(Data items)
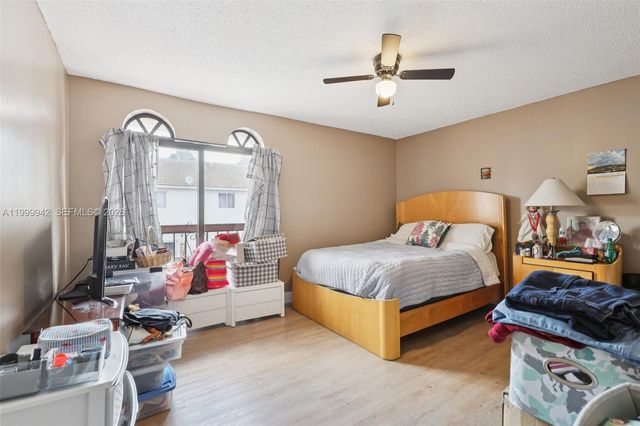 8389 NW 8th St, Miami, FL 33126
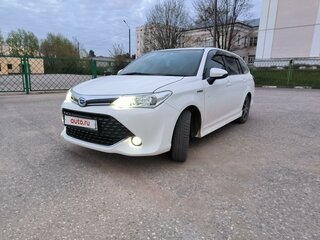 2017 Toyota Corolla Fielder XI (E160, E170) Рестайлинг 2, белый, 1725000 рублей, вид 3
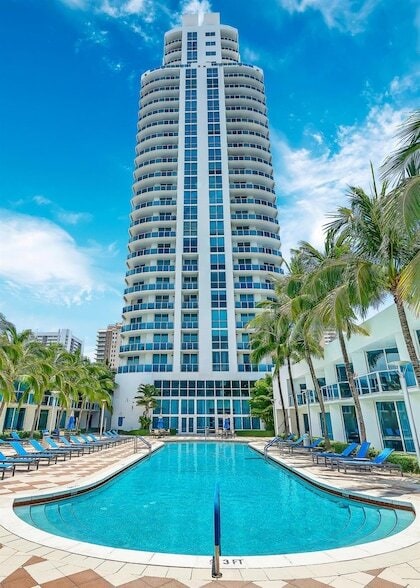 1945 S Ocean Dr, Unit 1803 in Hallandale Beach, FL - Foto de edificio - Building Photo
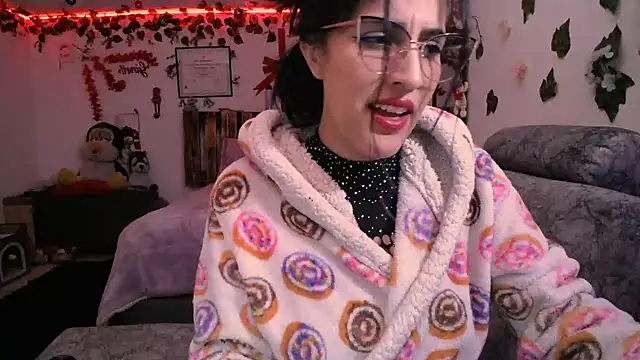 Snapshot of azahar__ziiz chatting on 12-19-24, 03:29 azahar ziiz online show from 12-19-24, 03:29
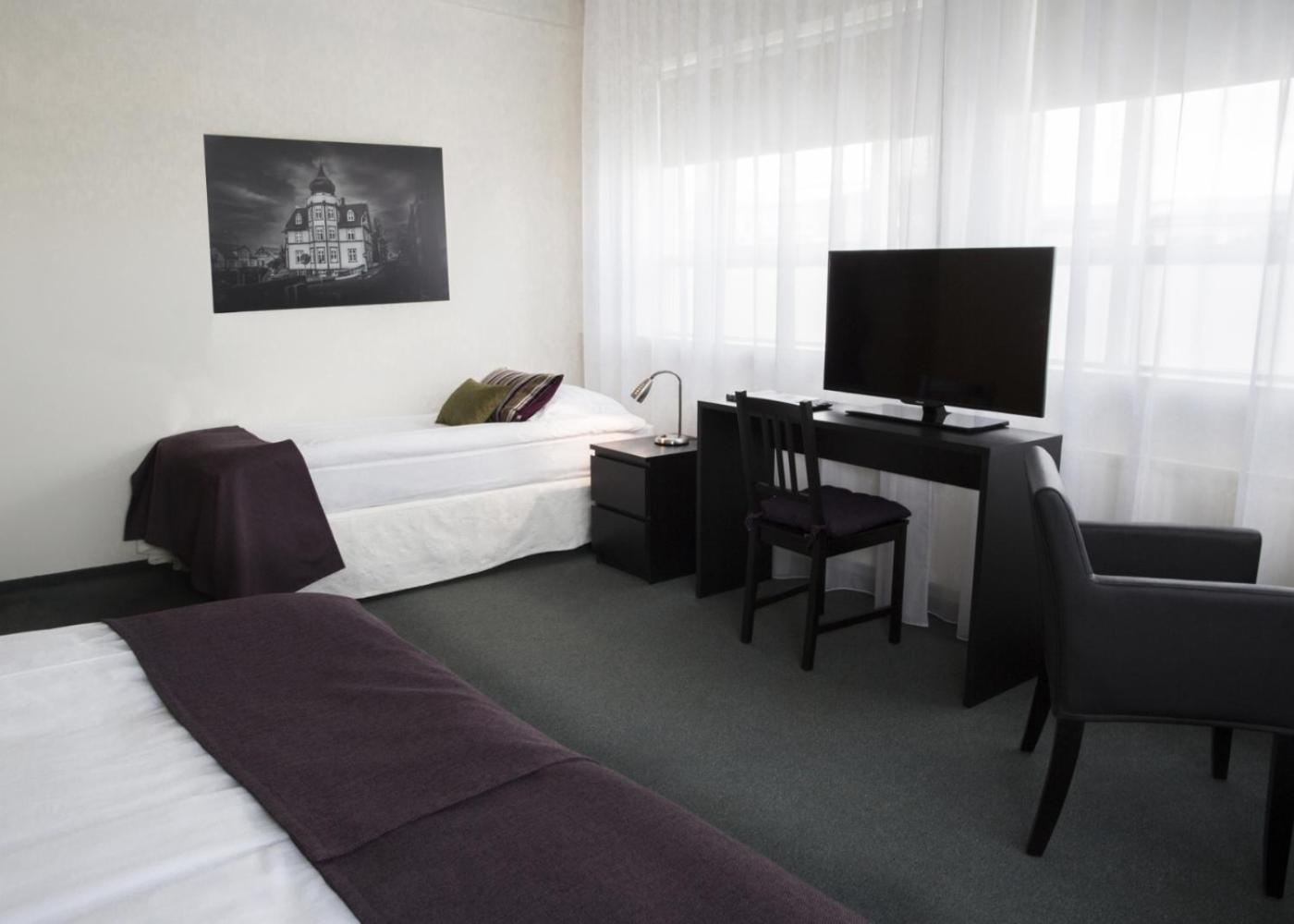 Economy Triple Room photo 2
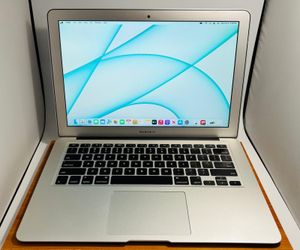 Apple Macbook Air 2017 Core i5 OSX MONTEREY!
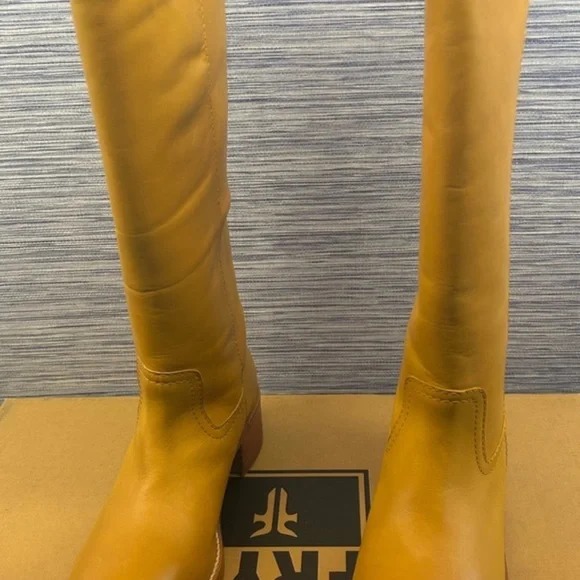 Frye Boot “Camryn”  in color Banana size 9.5 NWT in box - Picture 4 of 7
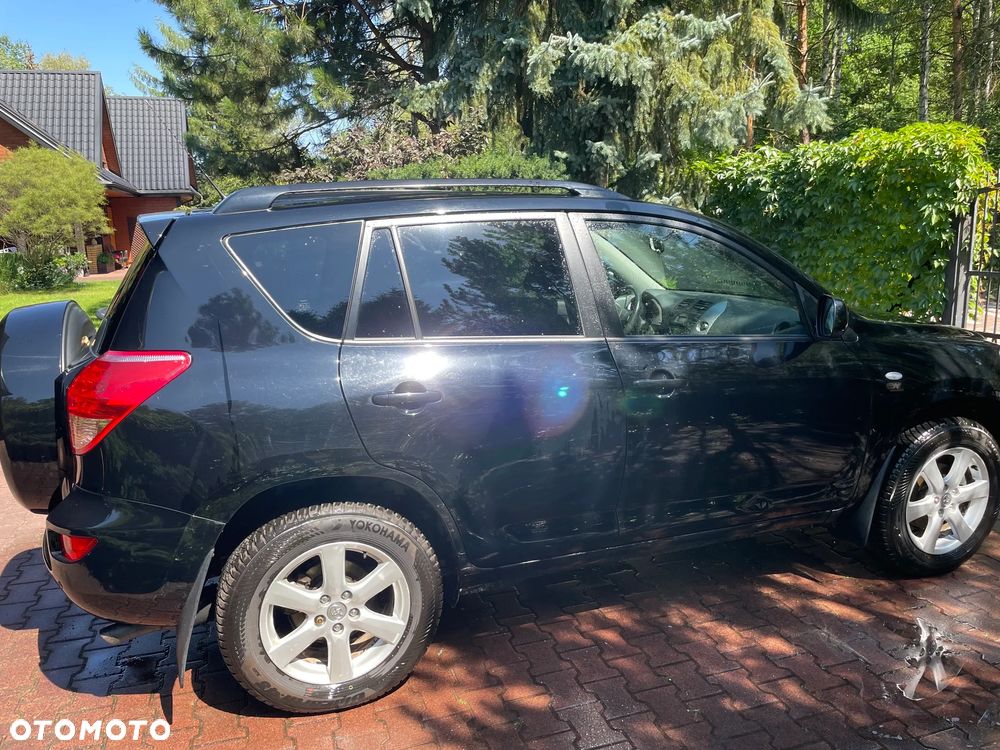 Toyota RAV4 2.0 VVT-i Premium - 4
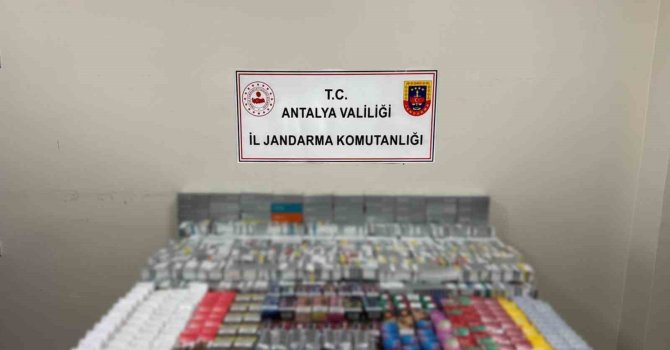 Kemer’de kaçak sigara operasyonu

| WHAT YOU WILL DO |
Could you repeat exactly the lines from the one containing "Picture 4 of 7" to the last line of the records, both included, and leave out every picture?

| WRITTEN SOLUTION |
 Frye Boot “Camryn”  in color Banana size 9.5 NWT in box - Picture 4 of 7
 Toyota RAV4 2.0 VVT-i Premium - 4
 Kemer’de kaçak sigara operasyonu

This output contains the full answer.